Letztendlich wurde er auf eine Insel verbannt und ist einsam verstorben, denke ich und verlasse die Krypta. Das Museum hat nicht so viel zu bieten, weshalb ich schon bald meinen Weg zum Eiffelturm fortsetze. Schon aus der Ferne bringt mich der Blick auf das Pariser Wahrzeichen zum Staunen. Aufgrund der frühen Jahreszeit ist nicht so viel los. Ich entscheide mich trotzdem gegen einen Aufstieg. Dafür ist mir der Preis einfach zu hoch. Ich mache ich ein Selfie mit meiner Ukulele und nehme ein Video für meine Ukulele-Lehrer auf Hawaii auf - mit dem Eiffelturm im Hintergrund.
Ich gehe zum Arc de Triomphe, um einen schönen Blick auf die Stadt zu bekommen. Fast komme ich nicht an der Security vorbei. Das Mitnehmen von Musikinstrumenten ist eigentlich verboten. Aber für meine Reiseukulele machen sie heute eine Ausnahme. Nur Spielen soll ich auf ihr nicht! Der Ausblick von dort oben ist wirklich atemberaubend. Ein großer Vorteil ist, dass man von dort aus gut den Eiffelturm sieht. Auf dem Eiffelturm selbst sieht man ihn nicht - logisch. Den Tipp hat mir eine Freundin aus Wien gegeben. Der Arch de Triumph wurde einst von Napoleon I. in Auftrag gegeben, um seine Siege zu feiern. Mittlerweile befindet sich unter dem Triumphbogen das Grabmal des unbekannten Soldaten und soll den Toten erinnern, die nie identifiziert wurden.
Willkommen im Ukulelen-Paradies
Heute Abend trifft sich der Ukuleleklub Rendev’uke. Da ich noch etwas Zeit habe, entscheide ich mich für einen Umweg in ein Gitarrengeschäft. Mathias hat mir den Tipp gegeben. Diesmal fahre ich mit der Metro die paar Haltestellen bis zur Station “Europe”, wo sich der Laden befindet. Er sollte eine große Auswahl an Ukulelen haben. Zuerst betrete ich etwas schüchtern das Geschäft. Aber dann komme ich mit einem Verkäufer ins Gespräch, der ein großer Ukuleleliebhaber ist. Ich erzähle ihn von den Ukuleleklubs in der Stadt und er ist ganz verwundert, was es alles in Paris gibt.
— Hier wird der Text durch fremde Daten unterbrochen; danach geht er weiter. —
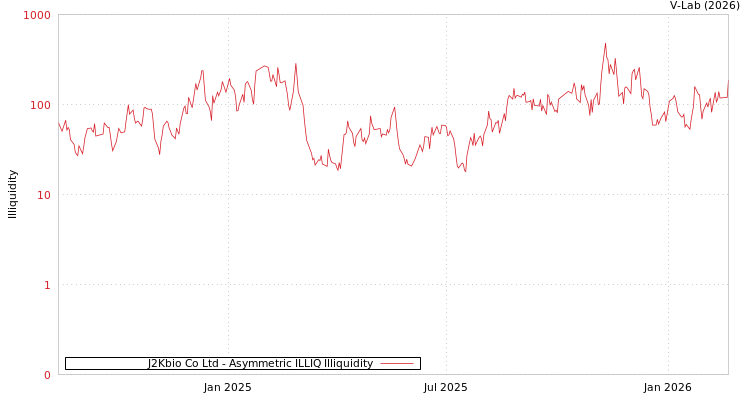 graph of J2Kbio Co Ltd ILLIQ-AMEM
Daraufhin drückt er mir die besten und teuersten Ukulelen in die Hand, die das Geschäft zu bieten hat. Darunter befinden sich japanische Varianten von Kiwaya sowie eine Kawaka-Ukulele aus Hawaii. Der Import von der Insel dauert mindestens 6 Monate. Ca. 1,5 Stunden zupfe ich auf den Instrumenten herum, die über 2.000 € kosten. Zum Abschied kaufe ich ein Gitarrenstimmgerät und verabschiede mich.
Jetzt muss ich mich ein bisschen beeilen, um rechtzeitig zu meinem Rendev’uke zu kommen!